If you want to understand slavery, stop conceptualizing. Imagine yourself in the body of the slave, the harshness of the labor on your shoulders. The thinness of a tunic that cannot protect you. The sores on a back that’s been whipped. The bent neck of the one knocked over. The coarseness of the hands. The mind twisted into obsequiousness for what seems like forever. Coates writes, “I’m the descendent of enslaved black people in this country. You could’ve been born in 1820 if you were black and looked back to your ancestor and saw nothing but slaves all the way back to 1619. Look forward another 50 or 60 years and saw nothing but slaves.” The body understands what the mind can never fathom: the way pain blinds us with its darkness, the darkness of a Treblinka and an Auschwitz.

This Passover, let’s tell a more honest story. Let’s sit with the pain and let it enter our very bones. We cannot get to true joy any other way. We cannot treat the stranger differently if we cannot experience the bodily pain of the stranger. Compassion lives in that sliver between us and them that collapses with a sigh. Passover is about learned compassion. I love our people, but there are few things I like less than a Jewish racist. That’s the blight of one who forgets what pain feels like. That’s not our Passover story. It’s the opposite of our story.

WE NEED VISIONARY STORYTELLERS

Passover, in some ways, seems to offer an ancient leadership development programme that took Moses from silence to song. In honour of Passover, let’s think together about Jewish leadership. The Jewish leadership craze is happening on both sides of the Atlantic. Jewish organisations, many of them old and well-established, are offering more and more leadership development programmes. Here's why...

The world of philanthropic giving has changed radically. Micro-giving, designated giving and hands-on philanthropic work have been quick to replace long-standing models of charitable giving. 

Jewish non-profits that were typically top-heavy on the bureaucratic front have been forced to trim down and lower overhead costs. Social media has made everyone a critic and forced new levels of organisational evaluation and self-reflection. 

Research on millennials has showcased a distaste for organisations generally; membership and dues are less important to an emerging generation of leaders than commitments to social justice and spirituality. Out of all our organisational abbreviations, it appears that the letter “J” is the most important one to this population and the one least valued and explained. 

Young adults want to know what an organisation stands for and, when we can’t give a compelling answer, they are quick to look elsewhere for charities that are more articulate about their values, more nimble and responsive. 

Since people can connect in lots of new ways, the networking that organisational affiliation once offered is less necessary. 

Many legacy organisations whose original mission has been fulfilled or is no longer relevant are in danger of obsolescence; young Jewish start-ups get more and more funding. 

I often use a metaphor that helps me understand recent changes in Jewish communal life. There was time when you moved to a new city and became a Jewish joiner. You joined a synagogue, sent your children to Jewish day school or an after-school programme, joined a Jewish community centre and gave donations to local Jewish causes. We’ll call this the fixed-price menu. It was all laid out for you.
All you had to do was enter and pay your way into a well-orchestrated Jewish landscape.
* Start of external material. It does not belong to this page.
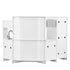 Kitchen Playset Kids Pretend Cooking Play Toy 24 Piece Accessories White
Stage two: the fee-for-service model. Instead of accepting communal offerings wholesale, many opted to pick and choose, to enter organisational life only when needed. People join a synagogue for a milestone event and then leave. In demographic studies in the US, we started to notice some unusual findings. There are people who send their children to Jewish schools but are not members of synagogues. The fee-for-service model in restaurant terms might be called an a la carte menu. Take only what you want. 

We have changed the menu again. People come in and out of Jewish organisations. They experiment. Brand loyalty is passé. People want to enjoy the benefits of what an organisation offers without properly supporting it — the tapas menu. It’s hard for legacy organisations to adapt to this change because these episodic joiners often don’t pay rent, dues, or salaries or give to annual campaigns. 

Here’s where leadership development comes in. We create programmes to make our organisations better to combat these problems. This emphasis on leadership may be productive; it may also mask a much larger, darker truth. Ultimately, we don’t need better fundraisers. Money comes with meaning. We need visionaries to chart new, unseen courses. The time has come for disruption, mergers and acquisitions, for new ways to think. Just because an organisation has always existed, doesn’t mean it should continue to exist. 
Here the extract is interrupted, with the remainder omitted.